Parkland takes the Journie rewards program to new heights

By Will Novosedlik

One of the biggest challenges of running a house of brands is that since each one tends to have its own identity, positioning and value proposition, there’s no real benefit in trying to leverage the parent company’s consumer equity for support. In fact, with usually almost no visibility at shelf level, it may not have any at all.

Procter and Gamble is a classic example. While P&G is an investor-and employee-facing brand, products like Tide and Swiffer are what consumers see. Tide customers don’t buy Tide because it’s owned by P&G. They just happen to be buying P&G because of Tide.

Another example is Parkland, or as its president Ian White refers to it, “one of the biggest connectors of consumers across Canada that no one’s ever heard of.” It’s the company behind popular Canadian fuel and convenience store brands Chevron, Ultramar, Pioneer, Fas Gas, On the Run, Marché Express and food retailer M&M Food Market. When you connect the dots between convenience, retail and fuel brands, you get a network of 600 gas station and convenience stops across Canada and the U.S.

But the company does bring its disparate brands together. It does so by way of its three-year-old loyalty program, Journie. Says White, “Over the years, we’ve bought a number of local brands and knit them together by making the Journie rewards program available to all. This allows us to build our national footprint.”

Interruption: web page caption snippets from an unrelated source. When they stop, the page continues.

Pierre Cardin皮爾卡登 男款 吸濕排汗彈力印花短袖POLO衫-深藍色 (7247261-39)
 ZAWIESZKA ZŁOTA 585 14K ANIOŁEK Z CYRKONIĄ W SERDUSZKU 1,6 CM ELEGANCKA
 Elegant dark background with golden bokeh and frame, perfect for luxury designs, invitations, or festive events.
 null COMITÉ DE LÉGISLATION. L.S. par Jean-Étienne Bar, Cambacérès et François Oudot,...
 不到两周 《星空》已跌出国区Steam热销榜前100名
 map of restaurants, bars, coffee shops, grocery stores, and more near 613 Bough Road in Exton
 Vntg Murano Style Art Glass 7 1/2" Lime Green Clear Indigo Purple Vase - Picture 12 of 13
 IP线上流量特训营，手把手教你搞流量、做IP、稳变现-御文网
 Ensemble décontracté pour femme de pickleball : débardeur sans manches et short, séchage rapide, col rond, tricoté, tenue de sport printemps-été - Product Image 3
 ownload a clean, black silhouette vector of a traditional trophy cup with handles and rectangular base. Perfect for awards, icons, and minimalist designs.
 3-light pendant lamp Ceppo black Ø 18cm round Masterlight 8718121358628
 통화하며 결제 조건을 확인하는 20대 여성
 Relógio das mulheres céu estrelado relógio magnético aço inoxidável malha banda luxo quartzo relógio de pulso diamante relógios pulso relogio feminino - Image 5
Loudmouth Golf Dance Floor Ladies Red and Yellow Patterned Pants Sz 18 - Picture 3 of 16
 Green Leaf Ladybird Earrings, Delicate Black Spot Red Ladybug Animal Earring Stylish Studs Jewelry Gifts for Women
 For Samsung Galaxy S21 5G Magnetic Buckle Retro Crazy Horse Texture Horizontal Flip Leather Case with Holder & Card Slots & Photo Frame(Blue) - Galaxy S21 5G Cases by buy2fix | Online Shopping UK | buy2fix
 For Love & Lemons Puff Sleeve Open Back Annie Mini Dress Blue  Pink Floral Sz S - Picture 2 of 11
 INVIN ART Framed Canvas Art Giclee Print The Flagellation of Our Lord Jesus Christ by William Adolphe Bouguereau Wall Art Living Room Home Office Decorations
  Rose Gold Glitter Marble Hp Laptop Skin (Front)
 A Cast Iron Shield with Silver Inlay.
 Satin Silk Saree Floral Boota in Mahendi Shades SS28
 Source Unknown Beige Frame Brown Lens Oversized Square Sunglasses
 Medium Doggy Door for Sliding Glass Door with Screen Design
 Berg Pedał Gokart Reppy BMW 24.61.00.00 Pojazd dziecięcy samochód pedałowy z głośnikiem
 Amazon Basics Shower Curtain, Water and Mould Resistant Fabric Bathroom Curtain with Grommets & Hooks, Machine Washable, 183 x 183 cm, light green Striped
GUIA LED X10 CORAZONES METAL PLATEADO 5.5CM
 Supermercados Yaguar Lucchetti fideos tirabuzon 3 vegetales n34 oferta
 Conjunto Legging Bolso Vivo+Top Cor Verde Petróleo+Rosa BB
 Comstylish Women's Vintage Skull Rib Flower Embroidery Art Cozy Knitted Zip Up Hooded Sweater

What White is really proud of is the fact that Parkland has taken a group of essentially regional assets and brands and created a national champion. And not just a national one, a Canadian-based international champion with operations across 25 countries. “When I started nine years ago, we were largely a fuel distributor with access to other people’s organizations. Then we developed a way to connect all of those brands through the Journie rewards program, allowing us to be much more customer centric.”

As White points out, when you bring organizations together through acquisition, there is a risk of diluting the culture and, ultimately, the brand. “But we believe strongly that the goodwill and the value perceptions that have been generated by each local brand is something we want to build on versus remove.” Making it easy for its consumers to carry on benefiting from all its offerings is important to Parkland.

And this year, by partnering with Air Canada’s Aeroplan, the Journie rewards program extended into the travel category and did just that. “The opportunity with Aeroplan is to continue to increase our connection to consumers, to drive organic growth for the company, improve choice within the ecosystem that we created and grow it so that we’re developing a sticky relationship,” White explains. After all, Parkland and its brands are an important part of the road trip experience, so this move is completely logical.

What does this mean for the average consumer? “What we hear from customers is that they want choice,” White says. “They want to be able to save up for a large transaction, but also be able to do what we call ‘micro redemption’ more frequently on day-to-day items. So the construct that we’ve developed with Air Canada allows for consumers to make decisions and choices on whatever they would like to take advantage of: fuel rewards, food rewards, and now travel rewards. People will be able to earn and burn through the Journie rewards program as well as the Aeroplan program.”

It extends the brand’s reach. The Journie program has 4.5 million members, but with this new partnership that’s due to launch in the fall, it has the potential to touch more than 10 million Canadians. Partnering with a premium brand like Aeroplan also signals to the market that Parkland is serious about this space and is therefore an investment worth looking at.

What makes Aeroplan an additionally good fit for Parkland is the fact that the latter is “all about helping people get to a destination,” White highlights. “Road trips are some of the best times families spend together. We like to think we are empowering them to do what our tagline says: make the most of every stop. At the end of the day, it’s all about the customer and whatever we can do to make their lives easier and to create some of those magical moments along the way.”

When asked what his background as a marketer does for him as a president, the former Parkland SVP of strategic marketing and innovation is quick to respond. “You can take the operator out of marketing, but you can’t make a marketer out of an operator. As a marketer, I am a customer champion, and I think that makes me a better leader. I can access my marketer’s storytelling skills and customer focus to rally the employees to get us there. That is my job.”